What is Spray Applied Fireproofing?
The technical name for spray-applied fireproofing is sprayed fire-resistive material (SFRM). It is a passive fireproofing strategy method used to protect steel structures. This insulates the steel and metal decking from the high temperatures, should there be a fire. Spray-applied fireproofing has the thermal properties to protect steel and concrete as well as acoustic properties.
Spray Fireproofing has a fire-resistance rating lasting 1 to 4 hours. Both of these SFRMs are applied behind the interior and exterior finishes like drywall, precast panels, and false ceilings.
Types of Spray Fireproofing materials:
Spray-applied fire-protective materials generally fall into two broad categories:
- Mineral fiber– is a combination of fibers, mineral binders, air, and water. The final coating is lightweight, non-combustible, chemically inert, and a poor conductor of heat.
- Cementitious— is made from Portland cement or gypsum plaster.
The materials can be used in wet or dry form but it is crucial that these are mixed according to the manufacturer’s instructions and applied accordingly. These are spray-applied with specially designed equipment along with binding agents and water.
Inspection and Material Testing of the SFRM consists of thickness measurements, density testing, and cohesion/adhesion tests.
This is determined by inserting a pin through the SFRM into the substrate. The higher the hour rating requirement is for a structural component, the thicker the SFRM should be.

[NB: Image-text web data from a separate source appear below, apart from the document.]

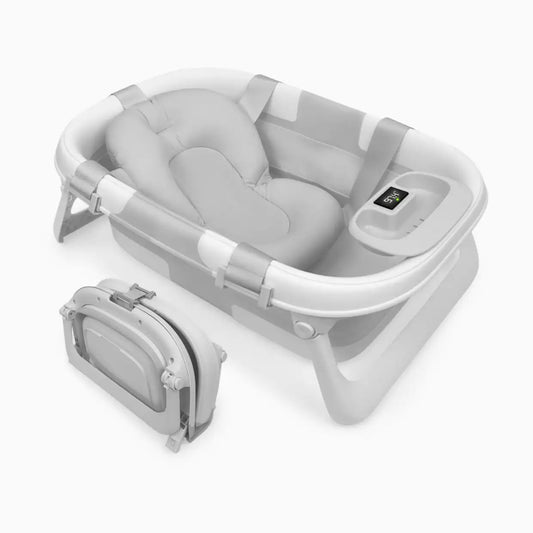 Fold ‘n Store Baby Bathtub With Built-in Thermometer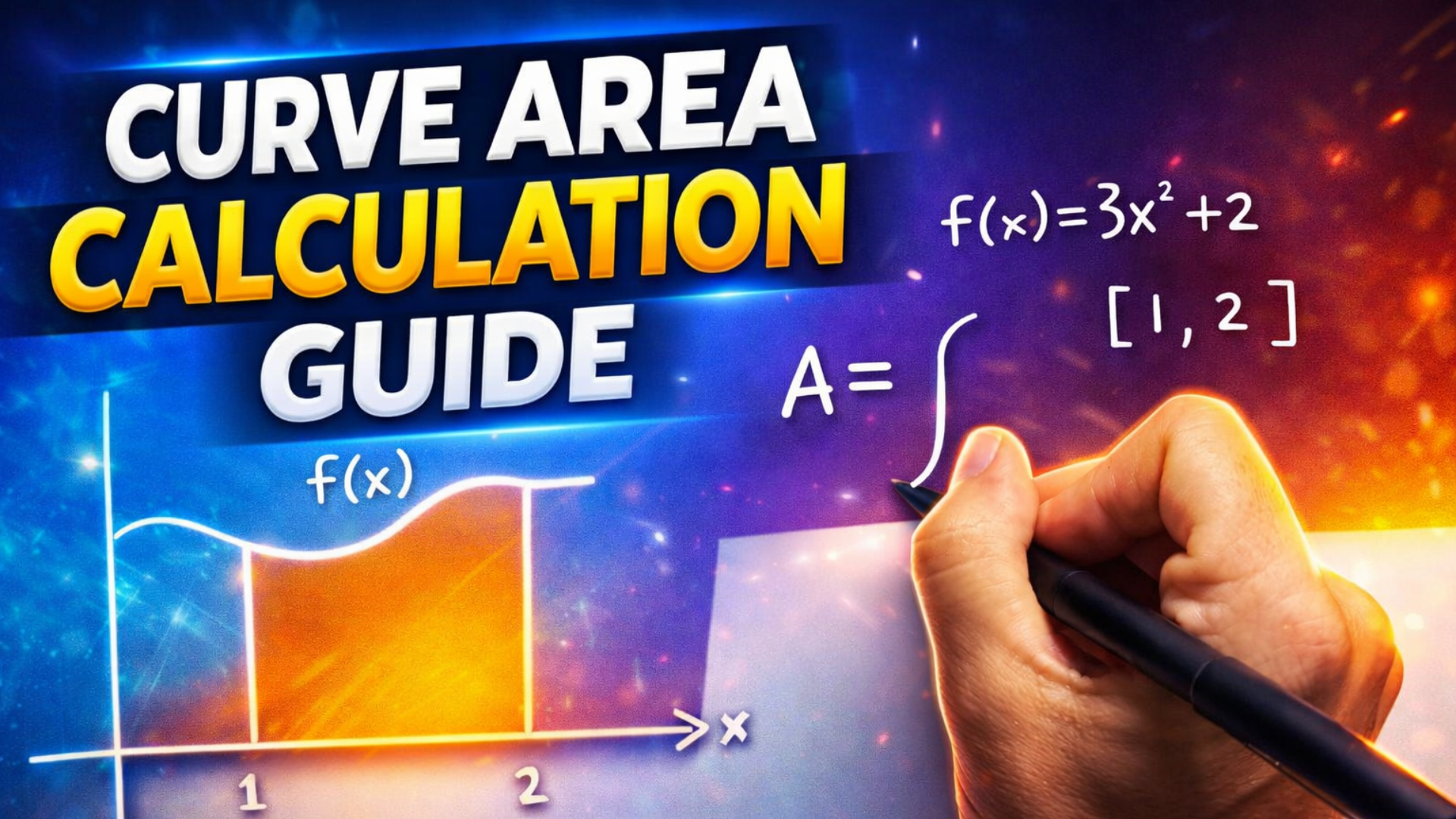 Learn how to find the area under a curve using integration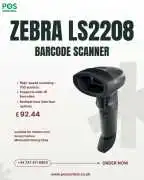 Zebra LS2208 Handheld Laser Barcode Scanner UK Dea, £ 92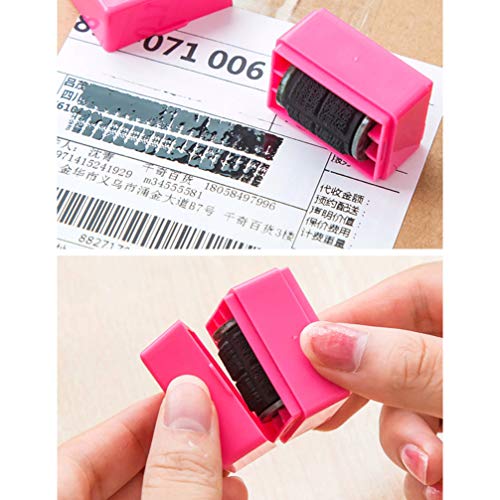 NUOBESTY 3 peças de carimbos de rolo largos para proteção de informações confidenciais, escureciment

Density testing of the SFRM consists of removing a known volume of SFRM from a structural component and drying the material to a constant weight to determine the weight per volume. This is typically done in a laboratory setting.
Cohesion and Adhesion Testing:
This test is performed to determine the bond strength of the SFRM to the steel component. A plastic cap with a hook in the center is bonded to the SFRM, then force is applied until adhesion failure or until the product specifications are met. Fireproofing adhesion and cohesion kits that meet ASTM E736 can be purchased for accurate material sampling. The simple pull gauge records the actual fail point in lbs/ft. For more information on these standards, see: https://www.awci.org/
Regulations and Codes Related to SFRM:
The fire resistance of structures to which SFRM are applied is measured and defined by fire endurance tests such as ASTM E119, Standard Test Methods for Fire Tests of Building Construction, and Materials.
The characteristics of SFRM are determined according to ASTM E736, Standard Test Method for Cohesion/Adhesion of Sprayed Fire-resistive Materials Applied to Structural Members, and ASTM E605, Standard Test Methods for Thickness and Density of Sprayed Fire-Resistive Material Applied to Structural Members, among other codes.